[Short web captions]
=-=-=

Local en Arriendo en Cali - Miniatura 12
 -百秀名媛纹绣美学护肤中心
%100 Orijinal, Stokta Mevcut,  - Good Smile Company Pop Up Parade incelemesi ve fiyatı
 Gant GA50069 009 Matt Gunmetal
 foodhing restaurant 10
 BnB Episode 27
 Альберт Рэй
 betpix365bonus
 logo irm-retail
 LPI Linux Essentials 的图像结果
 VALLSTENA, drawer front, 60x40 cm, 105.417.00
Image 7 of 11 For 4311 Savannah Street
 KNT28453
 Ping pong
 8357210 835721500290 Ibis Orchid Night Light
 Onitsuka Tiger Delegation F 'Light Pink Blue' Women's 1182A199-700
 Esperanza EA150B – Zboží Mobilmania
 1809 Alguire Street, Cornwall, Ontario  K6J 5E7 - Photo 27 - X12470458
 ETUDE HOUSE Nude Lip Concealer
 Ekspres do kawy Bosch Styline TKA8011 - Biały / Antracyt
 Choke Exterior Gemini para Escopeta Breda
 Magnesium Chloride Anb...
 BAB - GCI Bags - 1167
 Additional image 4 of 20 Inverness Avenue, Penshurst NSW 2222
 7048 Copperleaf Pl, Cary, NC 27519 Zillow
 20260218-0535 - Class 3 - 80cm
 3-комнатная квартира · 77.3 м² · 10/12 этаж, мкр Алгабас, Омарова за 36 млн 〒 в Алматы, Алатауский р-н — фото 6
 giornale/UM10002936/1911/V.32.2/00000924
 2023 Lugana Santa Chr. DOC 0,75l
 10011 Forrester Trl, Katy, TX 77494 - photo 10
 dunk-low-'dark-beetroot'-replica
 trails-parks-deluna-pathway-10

=-=-=

> **About this task**
The answer must be every line from the records above that contains "Street".

> **Exercise result**
Image 7 of 11 For 4311 Savannah Street
 1809 Alguire Street, Cornwall, Ontario  K6J 5E7 - Photo 27 - X12470458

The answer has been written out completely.